Reconnaissons-le, cette politique, même si nous ne la partagions pas, avait sa cohérence. Mais elle n’a pas fonctionné et il est temps d’en changer. Au reste – le Premier ministre l’a d’ailleurs reconnu –, le Gouvernement fait face à un mur de financement, tant pour financer les investissements nécessaires, notamment en matière écologique, que pour assurer le fonctionnement quotidien de l’État, la solidarité et les services publics.
Renverser une approche profondément injuste fondée sur la politique de l’offre, rééquilibrer la fiscalité en faisant en sorte que celle-ci soit plus équitable et finance des actions concourant à l’intérêt général, tel est le cœur du dispositif que nous vous présentons aujourd’hui. Les travaux récents des économistes, notamment ceux d’Anne-Laure Delatte, démontrent que les prélèvements assumés par les ménages représentent les deux tiers des recettes du budget de l’État et du budget social, un tiers étant assumé par les entreprises.
Nous avons un objectif simple : rééquilibrer la fiscalité des entreprises, afin qu’elles participent davantage aux efforts, en passant de la seule logique d’octroi d’avantages fiscaux en faveur de celles qui ont un comportement dit « vertueux » à la mise en place de malus pour celles qui suscitent, par leur activité, des externalités négatives, c’est-à-dire qui sont contraires à l’intérêt général et aux objectifs des politiques publiques et qui ne répondent donc ni à l’urgence écologique ni à l’urgence sociale, voire qui aggravent la situation.
Inversons la logique des niches fiscales, qui coûtent si cher et qui, pour nombre d’entre elles, se justifient de moins en moins.
Prenons un exemple. S’il n’est pas interdit aux entreprises de mener des activités polluantes, avec notre proposition, celles qui en ont devront compenser à juste hauteur les désagréments entraînés, via l’assujettissement à un taux supérieur d’imposition sur les sociétés. C’est ce changement de modèle qui permettra à l’État d’engranger des recettes durables, contrairement aux hausses d’impôts annoncées par Michel Barnier, qui ne servent qu’à combler les trous et qui reposent sur tous les Français, même les plus modestes – je crains que la présentation du PLF pour 2025 en conférence de presse cet après-midi ne le confirme…
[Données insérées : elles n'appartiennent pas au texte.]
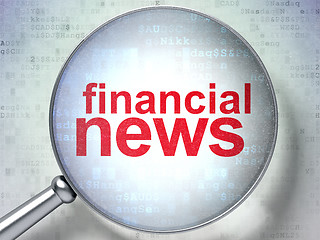 Image showing News concept: Financial News with optical glass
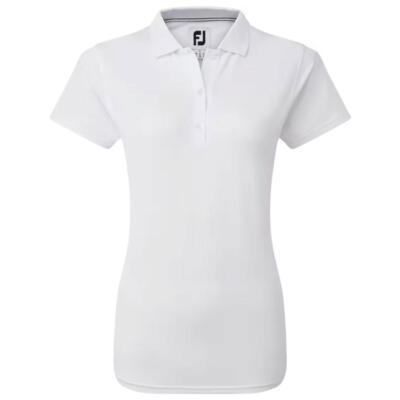 FootJoy Ladies Stretch Pique Solid Golf Polo Shirt White 88493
En revanche, si les entreprises ne subissent pas de hausse d’impôts, c’est qu’elles auront participé à l’atteinte des objectifs sociaux et écologiques auxquels nous adhérons tous. Il ne s’agit donc pas d’une augmentation unilatérale des taux de l’impôt sur les sociétés : c’est un dispositif incitatif.
J’en viens au contenu de cette proposition de loi, qui est divisée en deux chapitres.
Le premier comporte une réforme d’ensemble de la fiscalité des entreprises, à l’aune de l’ambition que je viens d’évoquer. L’article 1er constitue le cœur de ce dispositif ; je souhaite m’y arrêter quelques instants. Il s’agit de maintenir à 25 % le taux standard d’imposition des sociétés et d’instaurer un nouveau taux de 30 % pour les entreprises qui ne respectent pas certaines conditions relevant de l’intérêt général, social ou écologique.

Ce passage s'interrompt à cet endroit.